- Нет! – негромко протестовал Тёма.

- А то я не понял! – иронично хмыкнул Кэп. – Лааадно, будем субботние порки устраивать. Мягким полотенцем.

- Почему - полотенцем? – улыбнулся ему в плечо Тёма.

- А чем еще тебя лупить-то, рохлю такую? – тепло усмехнулся Кэп. – Не этим же! – он собрал в кулак свою огромную руку.

Тёма бережно оплел его кулак ладонями:

- Да, этим – не надо!

Уже в шестом часу утра, когда лифт повез вниз какую-то раннюю пташку, они трахнулись в последний раз за эту ночь. Для Лёхи это был пятый заход, для Тёмы – четвертый. От бессонной ночи было ощущение нереальности, и у обоих гудела голова.

- Ты можешь завтра на работу не пойти? – спросил Лёха.

- Может быть, уже – «сегодня»? – уточнил Артём.

- Ну да. Ага!

- Нет, не могу. У меня - пациенты. Но мне – к двенадцати, не рано.

- А я постараюсь отпроситься. Видишь, я оказался обалденно ценный кадр. Меня начальство премиями удержать пыталось.

Обоих вырубало спать. Лёха поставил будильник на половину десятого, чтоб успеть позвонить на работу.

- Тём, ты от меня не уйдешь? – с придыханием спросил он, вглядываясь в Тёмкины черты, прежде чем выключить свет.

- Я очень люблю тебя! – ответил Тёмка уже в темноте.

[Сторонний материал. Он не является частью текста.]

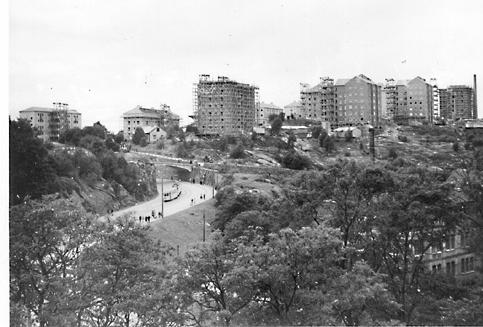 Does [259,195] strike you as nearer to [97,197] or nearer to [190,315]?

Лёха подвинулся к нему, обвил рукой, задержал дыхание… Он думал, что этой интимной секунды больше никогда не случится в его жизни.

- Рыжик?...

Тёма понял, придвинул свои ноги к культям. Лёха медленно, не в первый миг, расслабился и доверчиво поерзал по его ногам своими коленями. Коленями, которые кажутся уродством всем людям в мире, кроме одного - того, кого он любит, и с кем спит в одной постели! Уже совсем засыпая, Лёха подумал, что букет надо было заказывать не на девять, а на одиннадцать, но что-то менять было поздно – сон навалился на него тяжелой беззвучной подушкой.

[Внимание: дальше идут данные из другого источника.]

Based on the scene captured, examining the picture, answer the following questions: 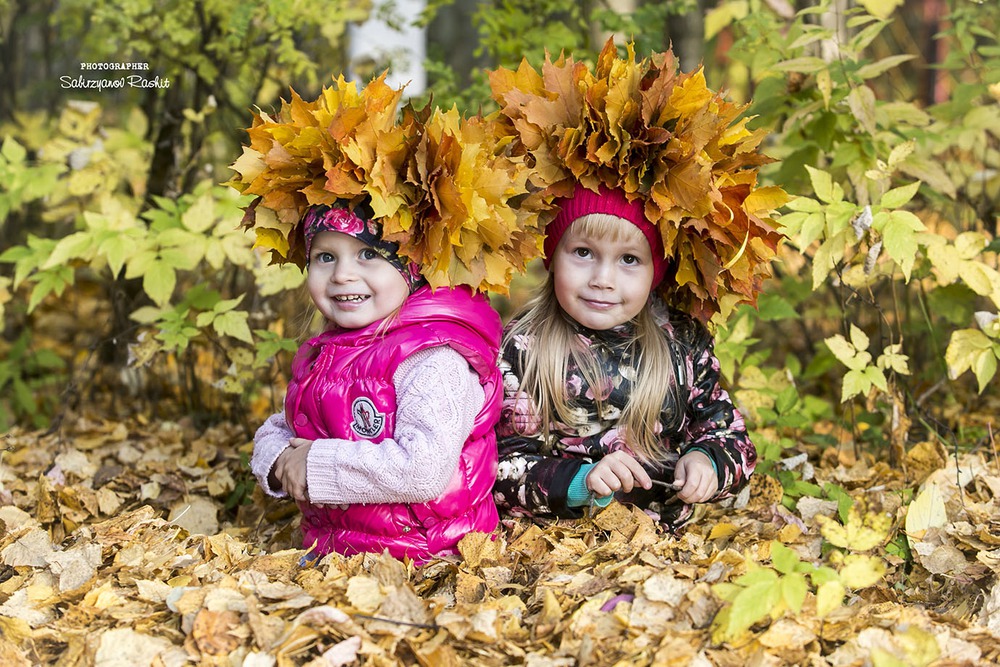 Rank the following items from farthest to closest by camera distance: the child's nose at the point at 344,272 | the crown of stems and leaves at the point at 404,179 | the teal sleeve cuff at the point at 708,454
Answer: the teal sleeve cuff at the point at 708,454 < the child's nose at the point at 344,272 < the crown of stems and leaves at the point at 404,179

В девять утра его разбудил телефон. Из магазина цветов уточняли: подтверждает ли он свой заказ? Лёха, раз уж поднялся, набрал номер директора: обрадовал, что передумал увольняться, и попросил отгул на сегодня. Директор радостно поцокал языком и уступил бы, видимо, даже три дня отгулов без сожалений. Через четверть часа курьер привёз букет. Рыжий всё это время дрых без задних ног. Только когда Лёха на своем кресле вкатился в комнату с розами, он сонно спросил:

- Алёш, уже вставать?

- Смотри: это - тебе! – Лёха ставил в банку цветы. – Не, не встаем пока, спим!

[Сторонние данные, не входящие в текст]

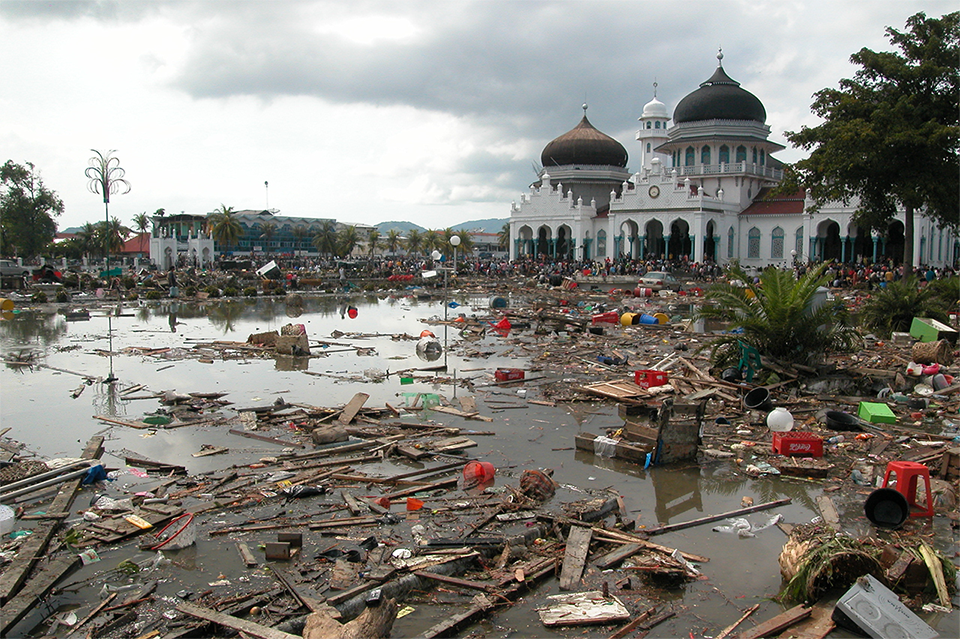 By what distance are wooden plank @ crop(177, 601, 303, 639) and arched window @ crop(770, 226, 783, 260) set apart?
5273cm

Артём откинулся на спину и блаженно улыбнулся:

- Лёшк, ты с ума сошел! Розы… зимой….

Лёха нырнул к нему под одеяло.

- Мой Рыжий любит розы!

Тёмка прильнул к широкому плечу.

- И – что с того? Не фиг его баловать!

- Тебя не спросили, ты понял? – улыбнулся Лёха в его макушку. - Спи, давай! Еще два часа до будильника.

Они снова провалились в сон. И зазвонивший в одиннадцать будильник застал их врасплох.

Лёшка взъерошил сонному Рыжику волосы:

- Ну что, соня: чай, кофе?...

- Потанцуем! – проговорил тот, накрывая ладонью Лёхин, конкретно поднявшийся, член.

Не то, чтоб они очень долго трахались. Не то, чтоб слишком увлеченно целовались… Но Тёма не успел ни поесть, ни побриться.

- Хоть чаю попей! – Лёха стоял в прихожей с чашкой чая.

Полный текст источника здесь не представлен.